▶ [Data provided]
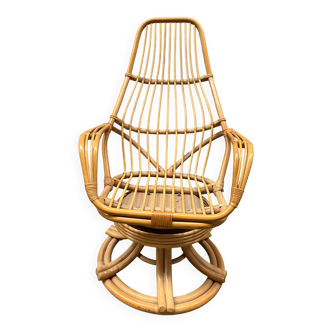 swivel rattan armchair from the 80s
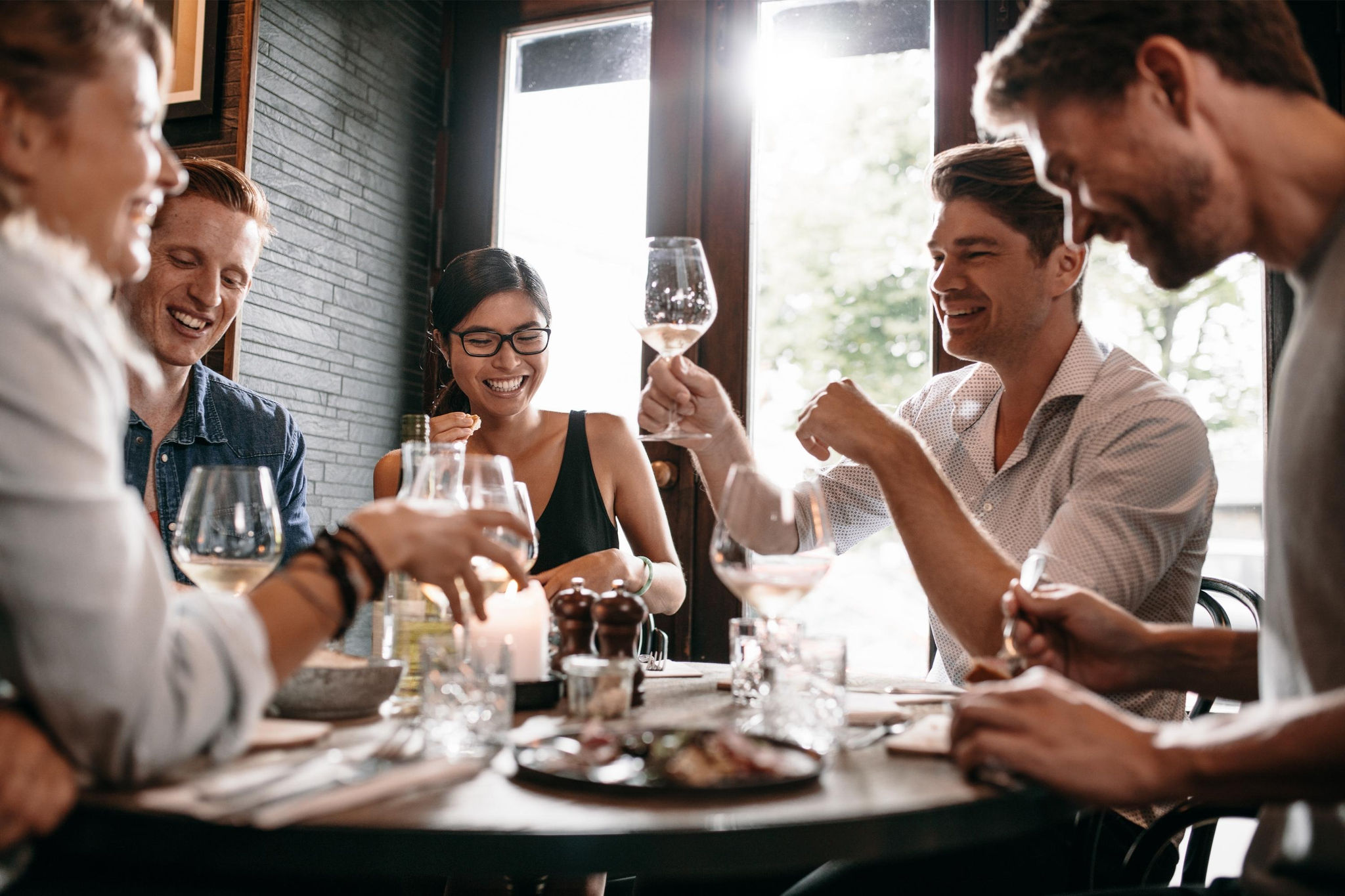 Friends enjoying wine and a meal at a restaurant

==

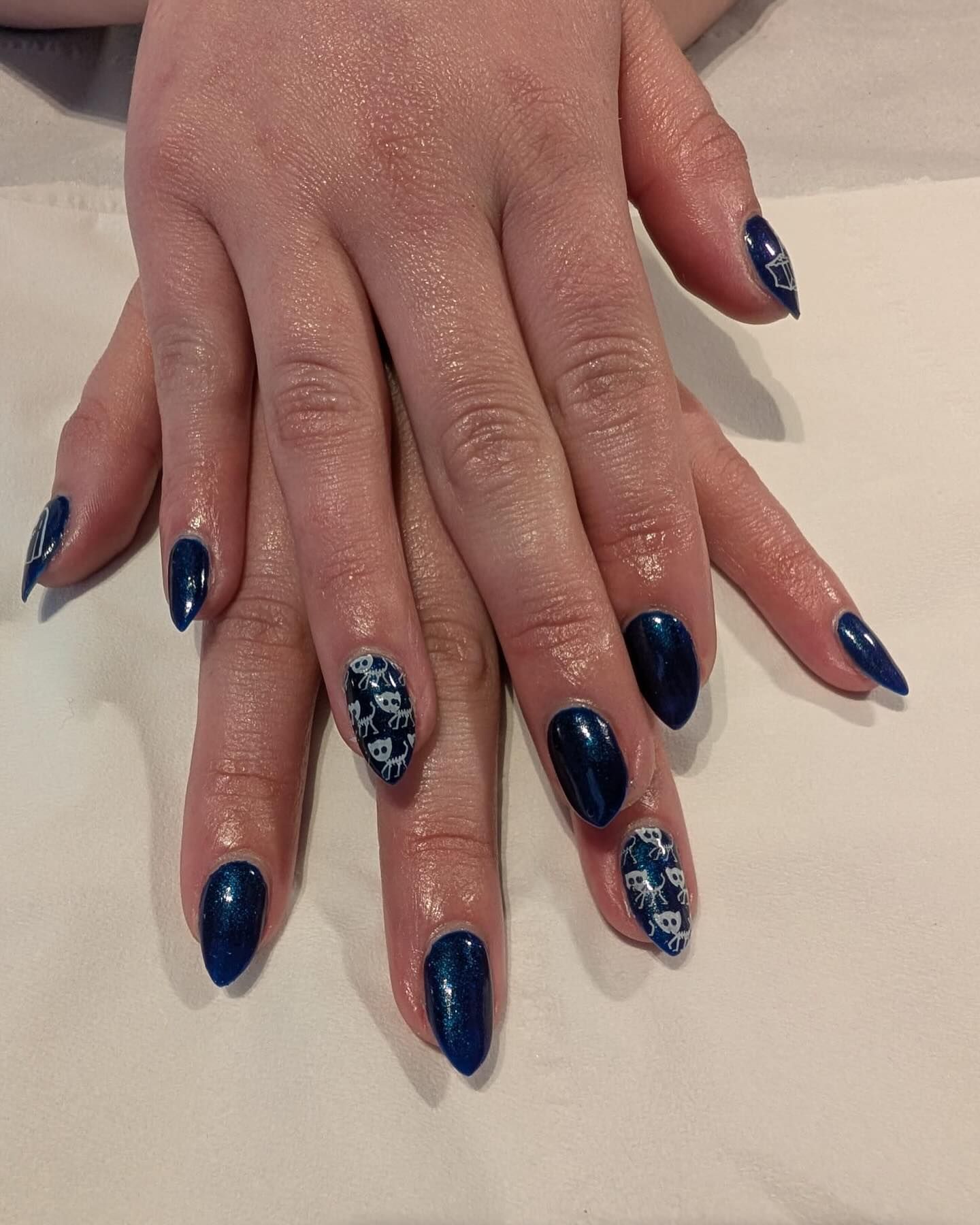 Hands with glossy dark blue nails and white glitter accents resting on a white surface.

...

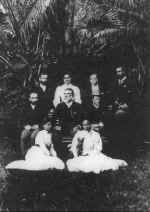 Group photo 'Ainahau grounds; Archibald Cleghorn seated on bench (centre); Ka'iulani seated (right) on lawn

▶ [Your instructions]
Give back the exact lines above, running from the one that has "swivel rattan armchair from the 80s" through the one that has "Friends enjoying wine", with nothing added and no pictures.

▶ [Expected answer]
 swivel rattan armchair from the 80s
 Friends enjoying wine and a meal at a restaurant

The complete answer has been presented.